WASHINGTON—Credit unions necessarily involve risk. That is inescapable, said the panelists at a well-attended breakout at CUNA's Governmental Affairs Conference. The other, sharp side of that reality is that the NCUA has made it plain how the boards of directors oversee the risks faced by their credit unions will figure large in ratings.
"Risk is not a dirty word. It is essential," said panelist David Reed, a lawyer and founder of CUDoctor, a consulting practice. "If a credit union avoided all risk it would be out of business." But the risks, at all times, need to measured, monitored, understood. "The board needs to be the all-seeing eye at the top of the pyramid," added Reed,
Panelists, who also included CUNA Mutual Associate General Counsel John Christenson, CUNA Mutual Vice President of Credit Union Protection John Wallace and Kathy Thompson, a senior executive at CUNA, stressed that it is the board's job to oversee, not to attempt to manage, risks.
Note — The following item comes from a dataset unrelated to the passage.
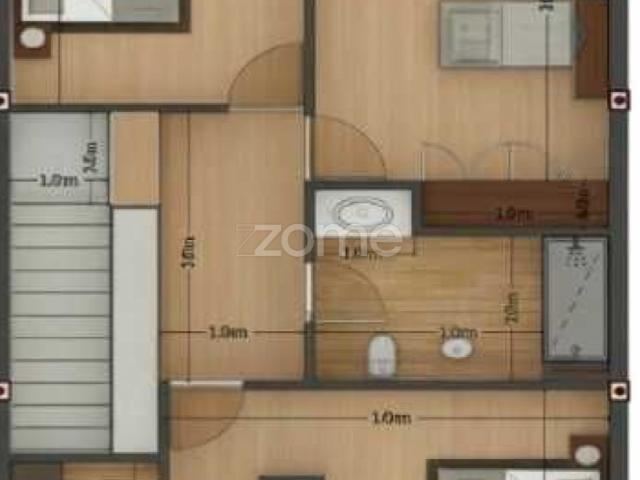 Moradia T3, Loureira, Vila Verde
The latter is management's job and, while splitting that hair is not always easy, understanding the delicate differences between the board's duties and management's is crucial to a smoothly functioning credit union, said the panelists.
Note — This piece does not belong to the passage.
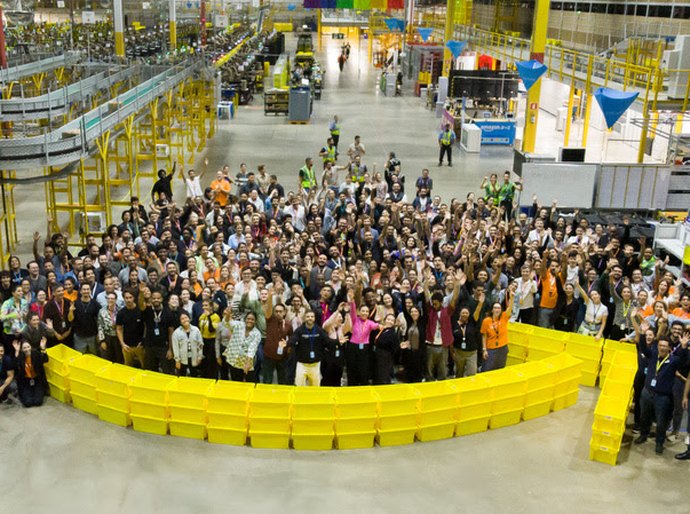 Amazon ultrapassa R$ 15,2 milhões em investimentos no estado de Alagoas em uma década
The board, added Wallace, "needs to set a risk oversight policy" that tells management what risks the board believes the credit union should accept and also advises about risks to avoid.
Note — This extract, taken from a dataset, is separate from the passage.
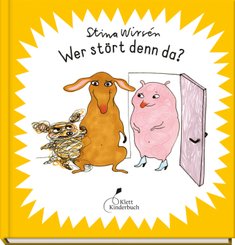 Wer st&ouml;rt denn da?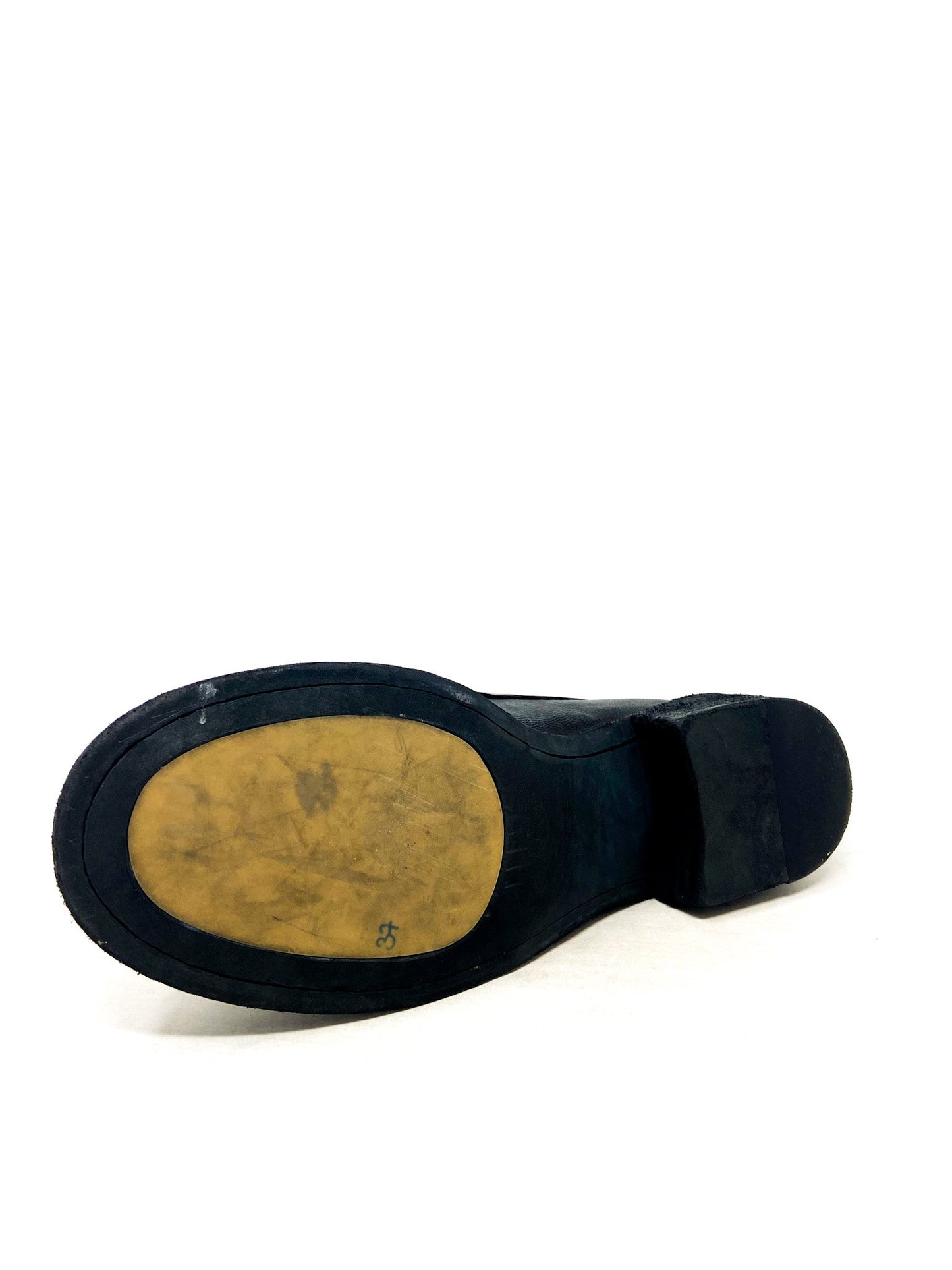 ARA Moccasin (Black)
A policy also would advise management about how and where to update the board about the key risks likely to be faced by the CU.
That varies by institution, stressed the panelists, but as a rule risks fall into four large buckets: fraud (where insider fraud looms very large); litigation (including class action litigation such as the current wave of ADA related suits involving ATMs); third-party risks (this category includes possible errors and omissions by every vendor to the credit unions, from the developer of a mobile banking app to the core system provider); and new interest rate risks.
With respect to vendor risk, Thompson warned: "The NCUA is examining in regard to the level of due diligence credit unions are performing on their vendors." That, she said, has become a topic of increasing importance and boards need to be sure their institution has in place thorough due diligence procedures.
As for interest rate risks, Thompson distributed a handout that stated that, effective January 1 2012, every federally insured credit union needs a written interest rate risk management policy. The only exclusions are institutions with assets under $10 million and also institutions in the $10 to $50 million range must comply only if total first mortgage loans plus investments with maturities greater than five years equals or exceeds 100 percent of net worth. By NCUA count, about 3,200 credit unions need to have policies in place and perhaps 800 have yet to do so.
"You need to talk about risk," said Christenson in perhaps the key take-away from the session. "The board and management need an ongoing dialog."